Cuando una condesa bebe, no piensa en el destino del vaso. Se diría que un vaso está hecho para romperse aunque, pensándolo bien, ¿hay algo que no esté hecho para terminar rompiéndose? El vaso de la condesa sigue en el aparador de un palacete olvidado esperando hoy, cuando ya no se usan los corpiños, a que alguien lo manipule hasta acabar con él.

Hay un vaso que nunca se usa, junto con sus compañeros de juego, en la estantería de cristal, a su vez acristalada. ¡Cuánta nada sosteniéndose la una a la otra! Pero este vaso no dura, porque un buen día se nos escurre al limpiarle el polvo que casi no tiene.

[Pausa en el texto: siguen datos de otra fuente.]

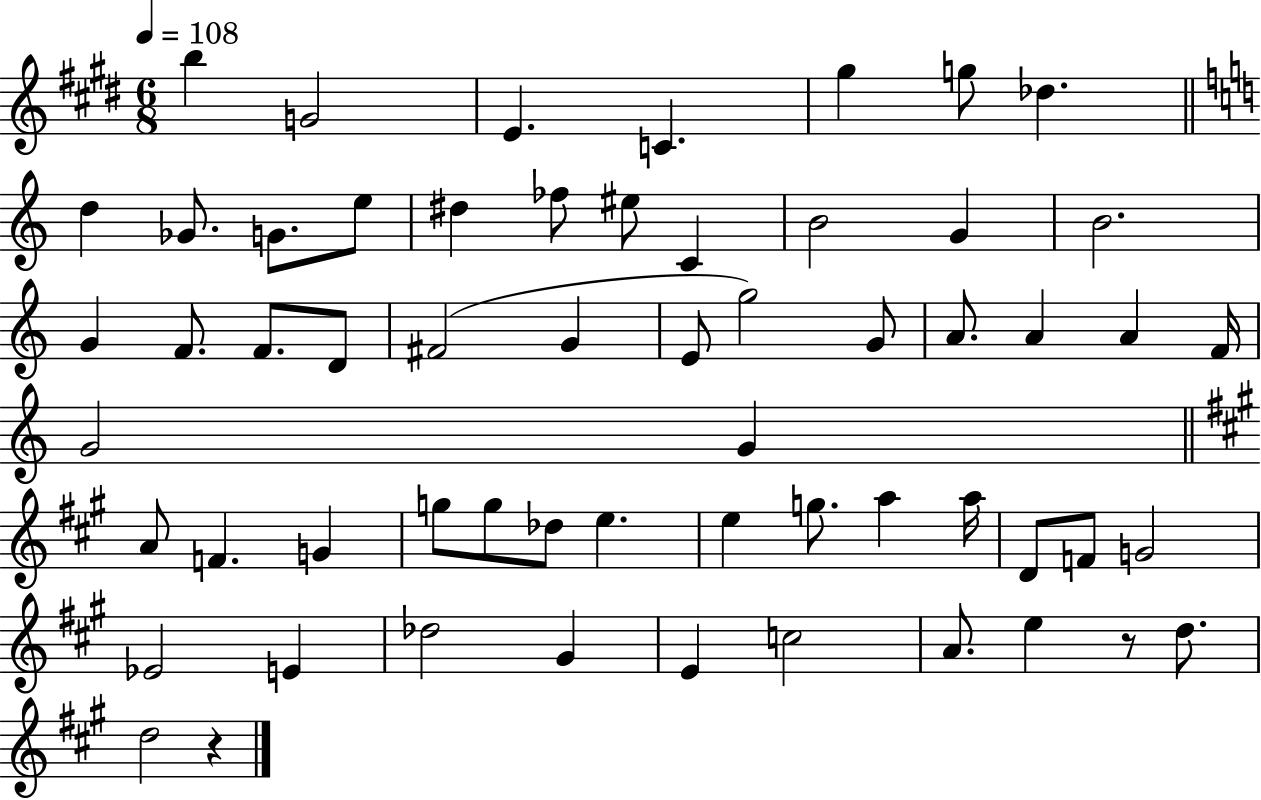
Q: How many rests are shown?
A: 2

En cambio hay otro vaso que se usó una y otra vez, hace cientos de años en una floreciente ciudad de provincias. Un día su dueña lo enterró porque tuvo la lucidez de encarar un futuro muy lejano y quiso compartir su pequeño encanto con alguien, tal vez con nadie. El jefe de la excavación dijo que adelante, que ahí no había nada, y el pobre muchacho dio de lleno en él haciéndolo añicos. Claro que el muchacho, como su jefe, era incapaz de distinguir si un vaso está cubierto del polvo del tiempo o de tierra intencionada. Así que tras una regañuza el vaso se reconstruye y se llega a la conclusión de que es importantísimo, como en verdad fue, aunque por motivos distintos a los que piensa el jefe de la excavación. No obstante aparece una revolucionaria técnica de reconstrucción, con lo que el vaso se rompe a conciencia en miles de trocitos y vuelve a reconstruirse con paciencia y meticulosidad científicas. El guarda jurado de la sala donde se expone se imagina a la dueña usándolo en un día caluroso, pero no, no será él quien acabe rompiéndolo.